Data excerpts
▼

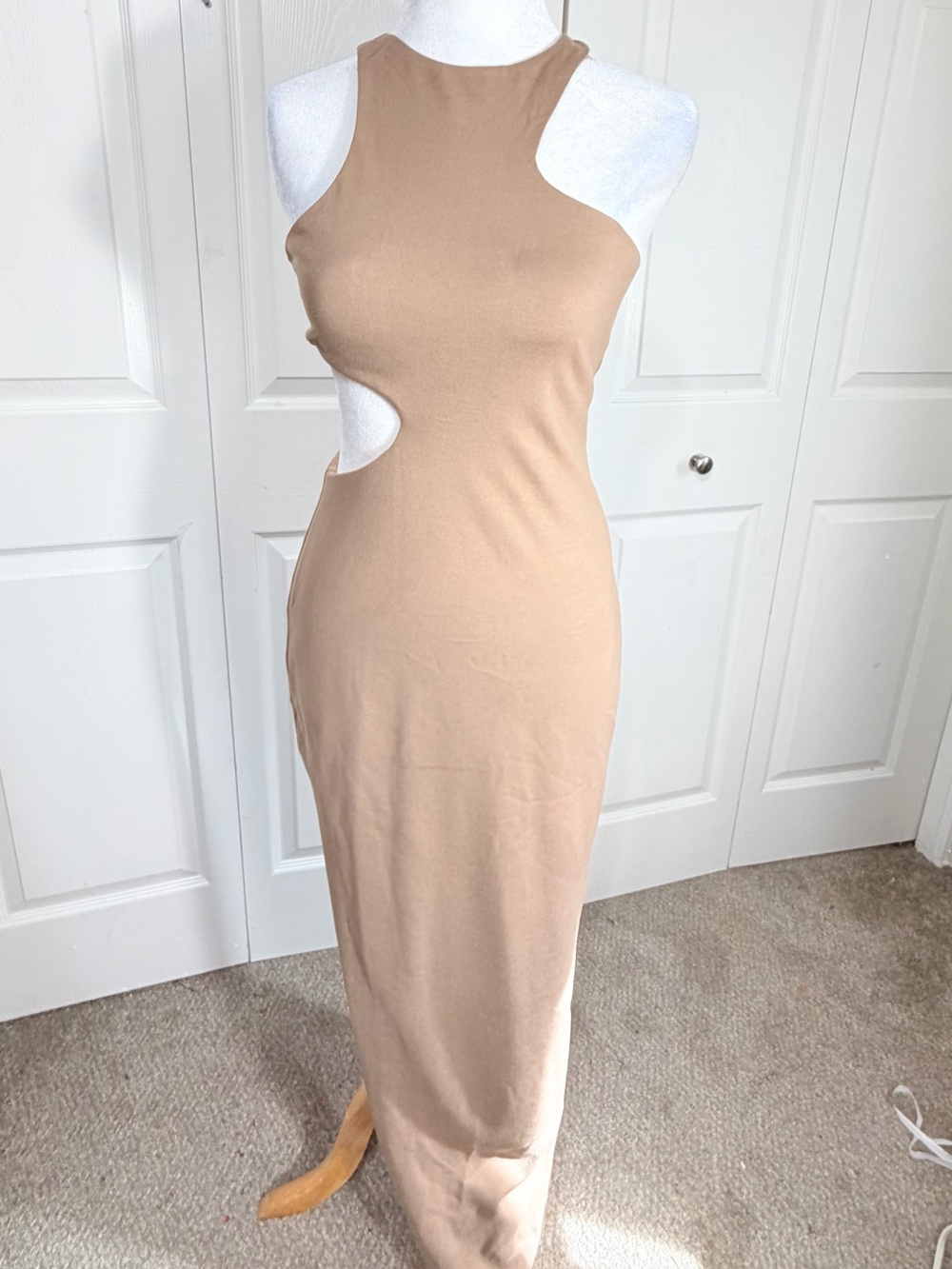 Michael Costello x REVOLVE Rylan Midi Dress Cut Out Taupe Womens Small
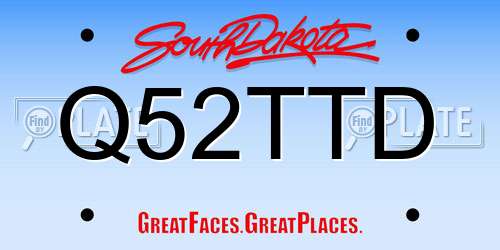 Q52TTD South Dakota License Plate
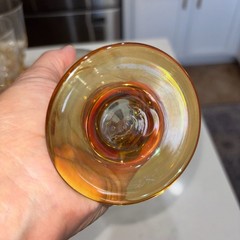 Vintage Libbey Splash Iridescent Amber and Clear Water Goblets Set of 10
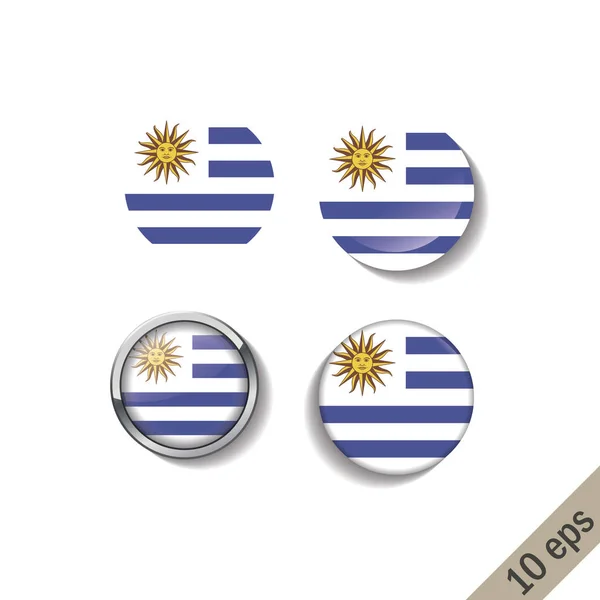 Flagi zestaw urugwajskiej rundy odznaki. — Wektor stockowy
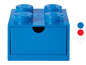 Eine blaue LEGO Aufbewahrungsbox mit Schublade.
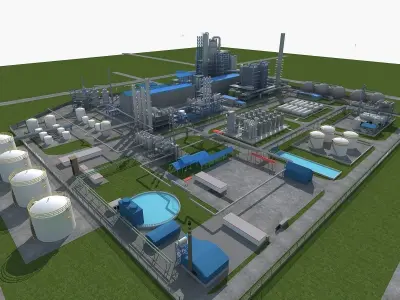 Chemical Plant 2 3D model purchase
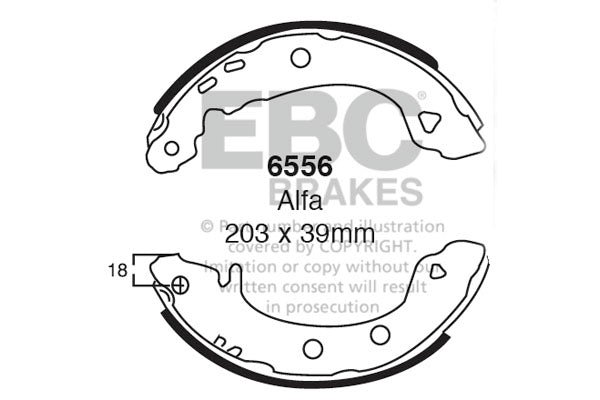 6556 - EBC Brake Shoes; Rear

▲
▼

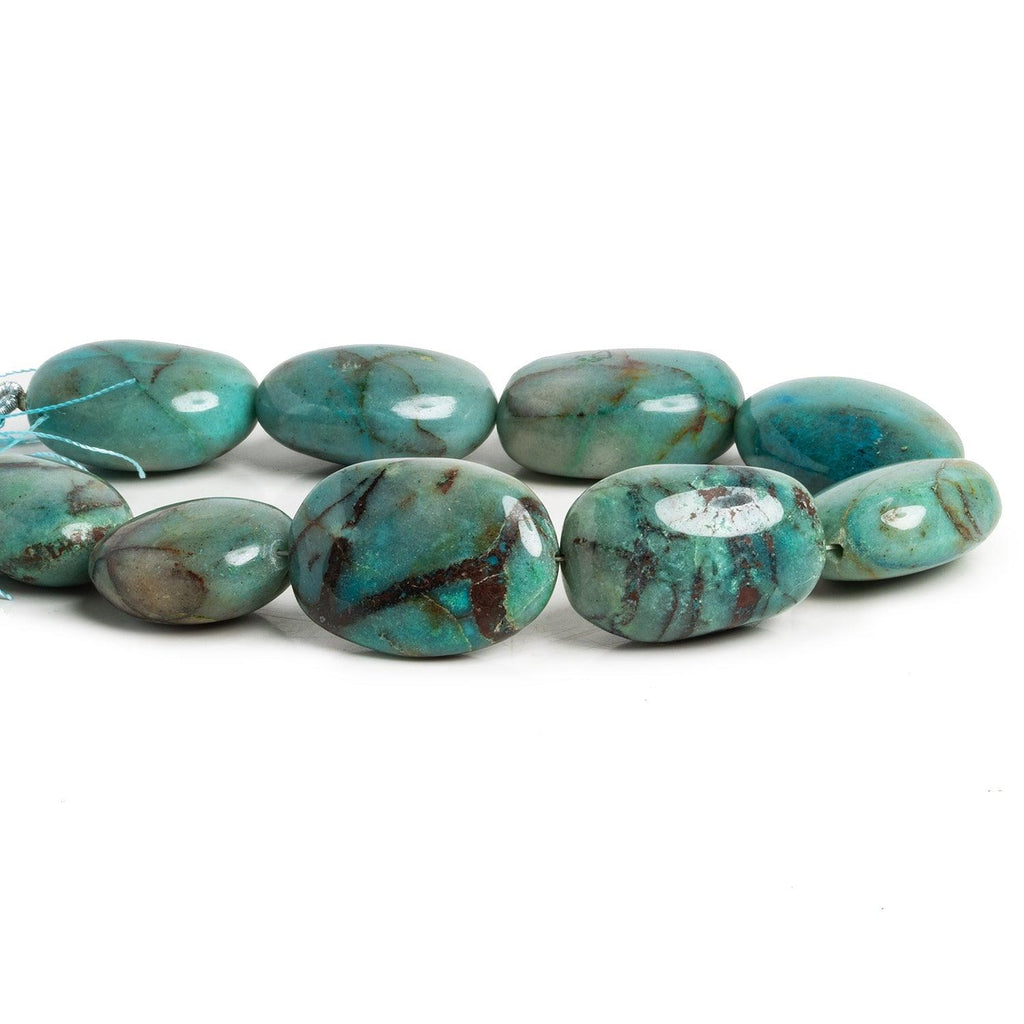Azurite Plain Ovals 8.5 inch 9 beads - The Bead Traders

▲
▼

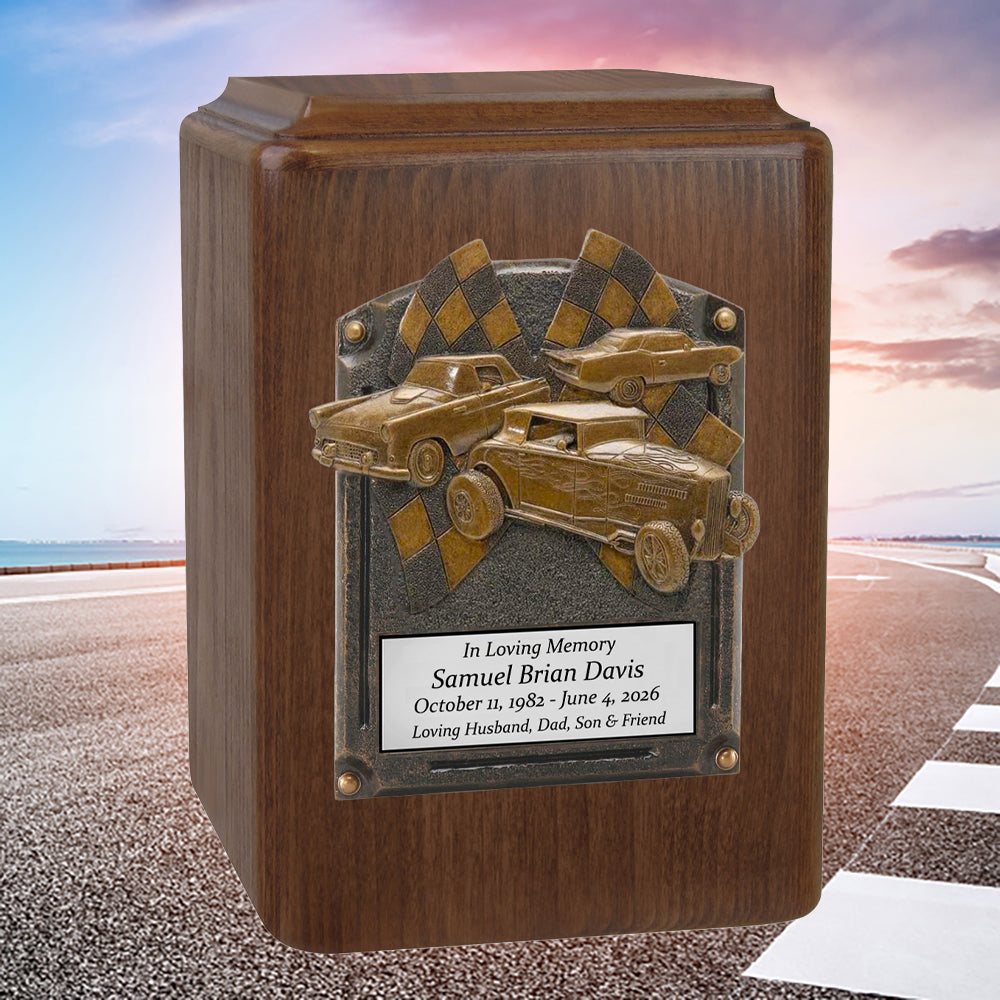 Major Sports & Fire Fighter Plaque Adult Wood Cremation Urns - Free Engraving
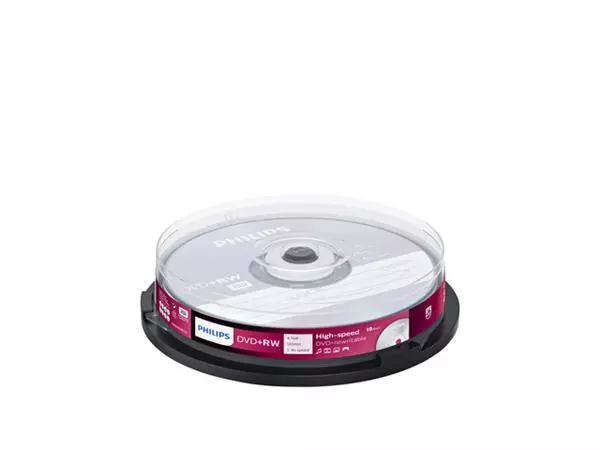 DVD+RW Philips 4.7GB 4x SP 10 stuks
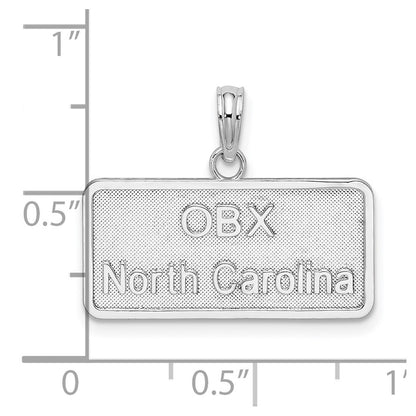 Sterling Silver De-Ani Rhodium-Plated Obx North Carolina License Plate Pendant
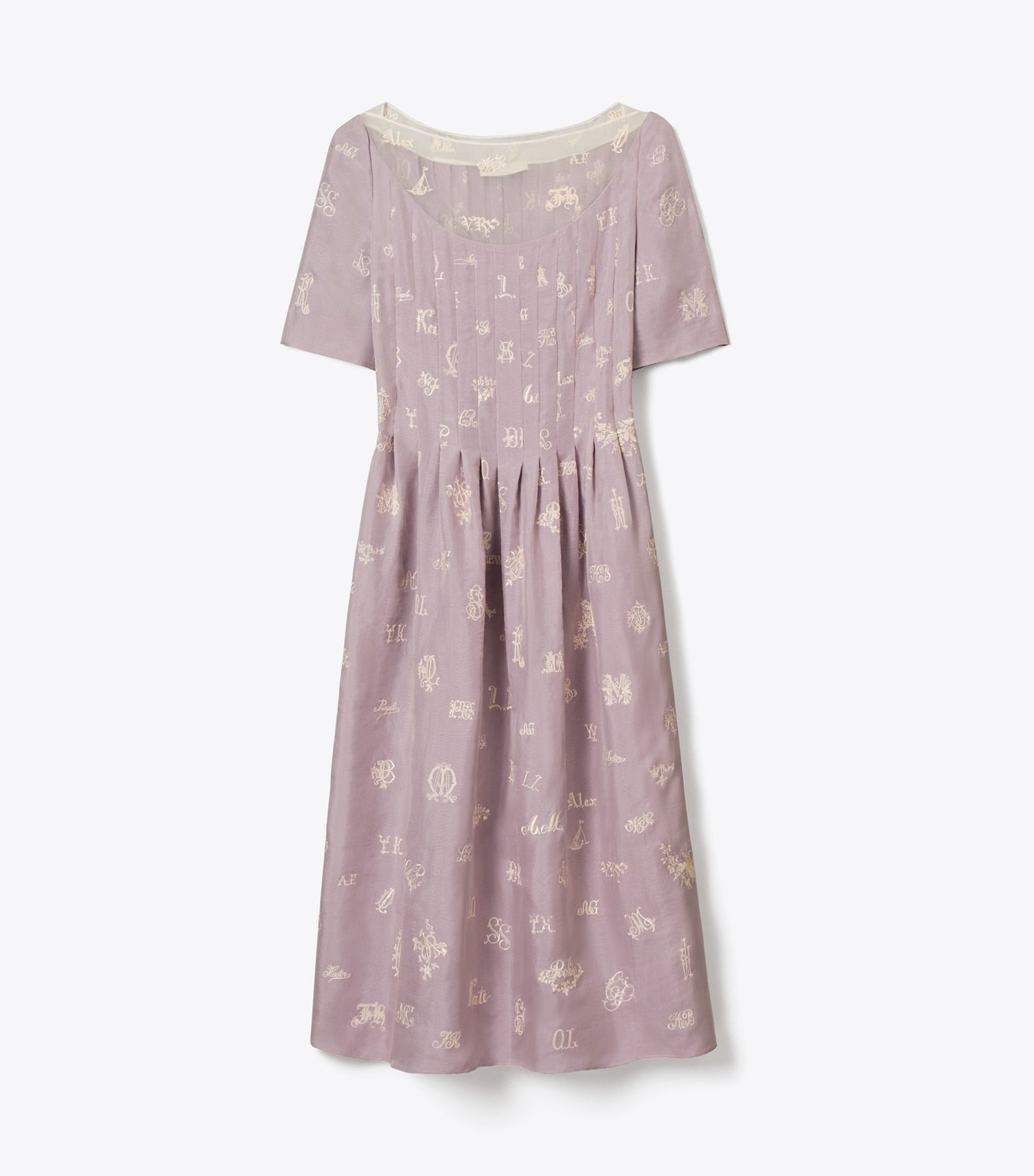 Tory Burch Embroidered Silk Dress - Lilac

▲

Exercise requirements
Nothing but the lines from the one with "DVD+RW Philips 4.7GB 4x SP 10 stuks" up to and including the one with "Tory Burch Embroidered Silk Dress - Lilac" should be printed, exactly as they read above. Please keep the pictures out.

Solution to this problem
 DVD+RW Philips 4.7GB 4x SP 10 stuks
 Sterling Silver De-Ani Rhodium-Plated Obx North Carolina License Plate Pendant
 Tory Burch Embroidered Silk Dress - Lilac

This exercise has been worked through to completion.